GIVEN MATERIAL
● ● ● ● ● ● ●
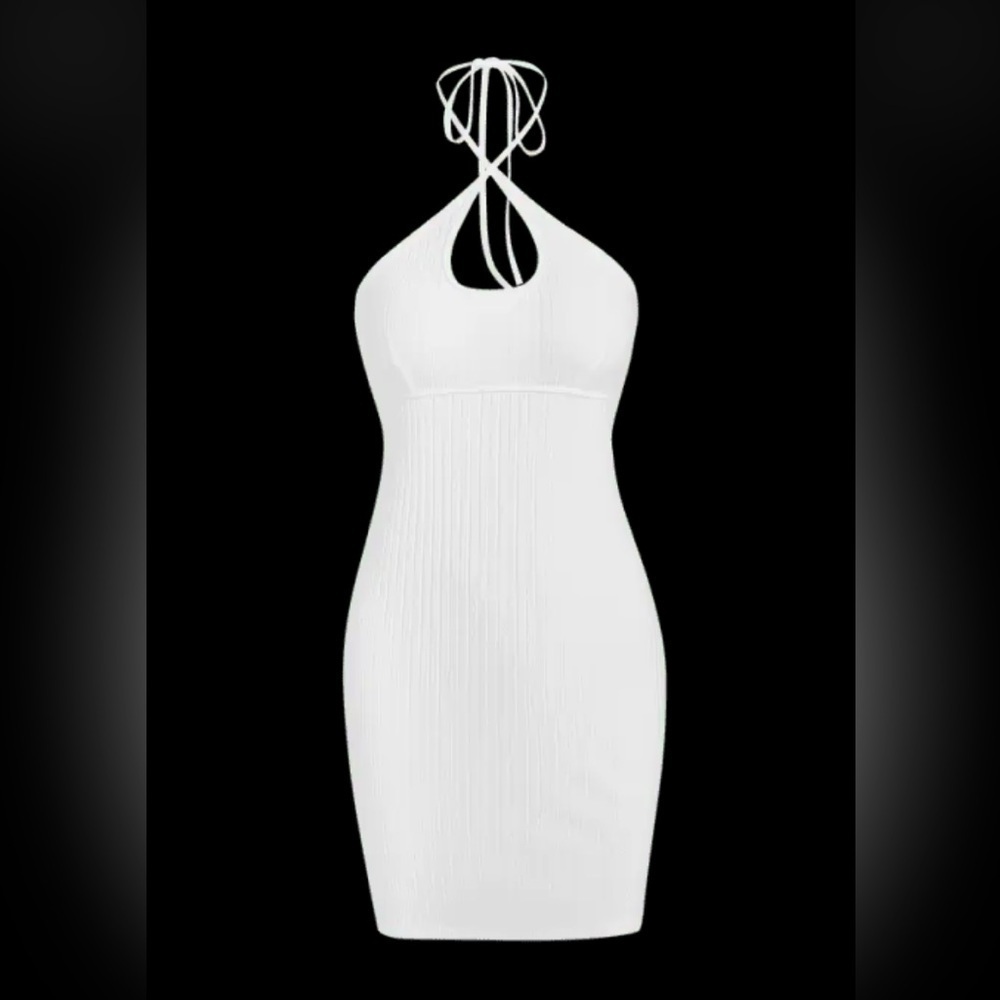 Ribbed Halter Keyhole Slinky Dress - Picture 2 of 6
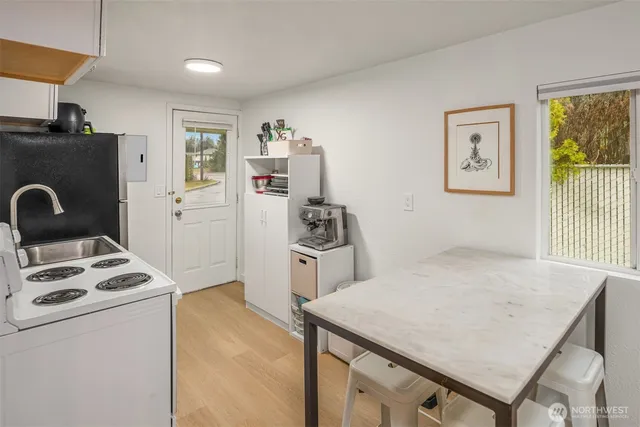 a bedroom with a bed and a cabinets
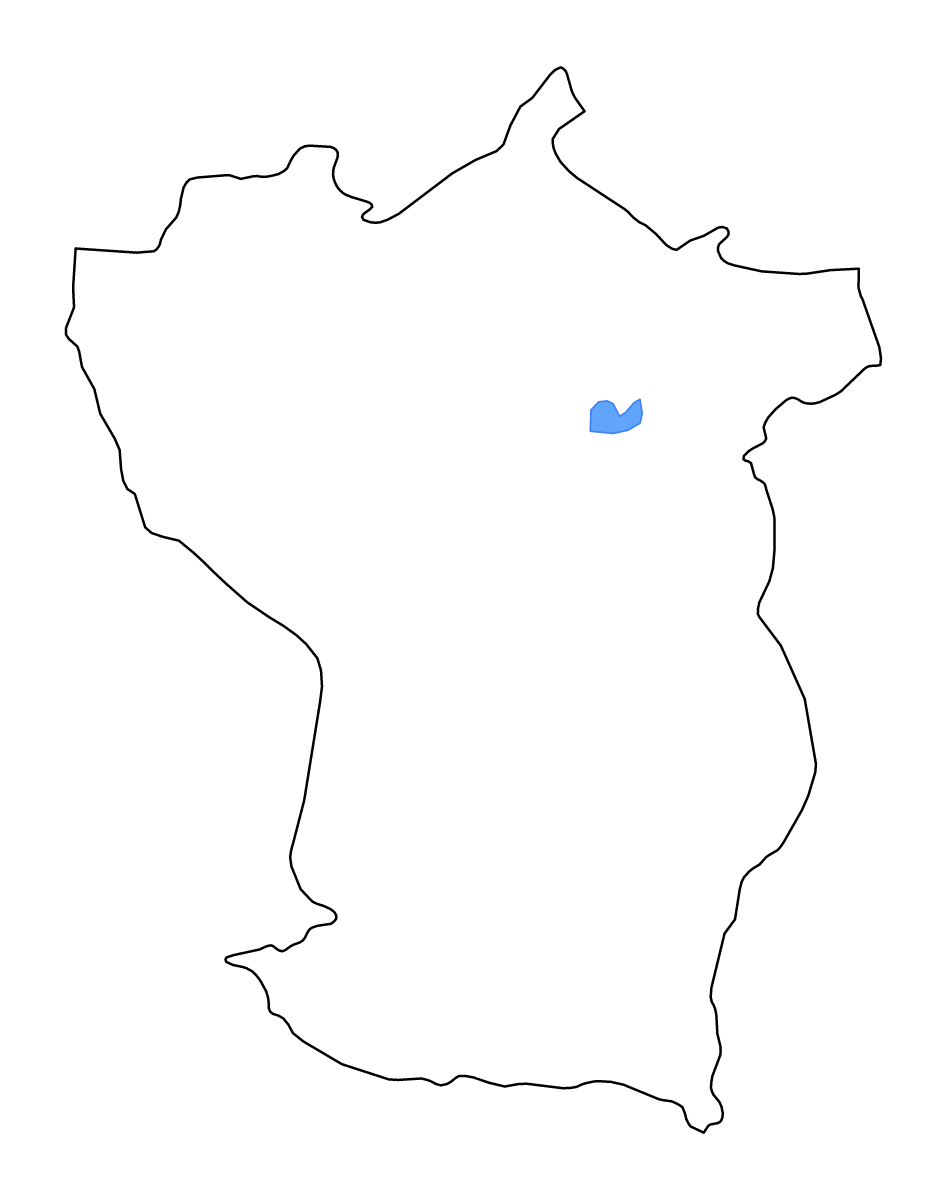 Mapa de contorno de Cojedes, Venezuela con lagos y ríos.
● ● ● ● ● ● ●
ASSIGNED TASK
With the pictures left out, transcribe the material exactly.

ANSWER TO THIS TASK
 Ribbed Halter Keyhole Slinky Dress - Picture 2 of 6
 a bedroom with a bed and a cabinets
 Mapa de contorno de Cojedes, Venezuela con lagos y ríos.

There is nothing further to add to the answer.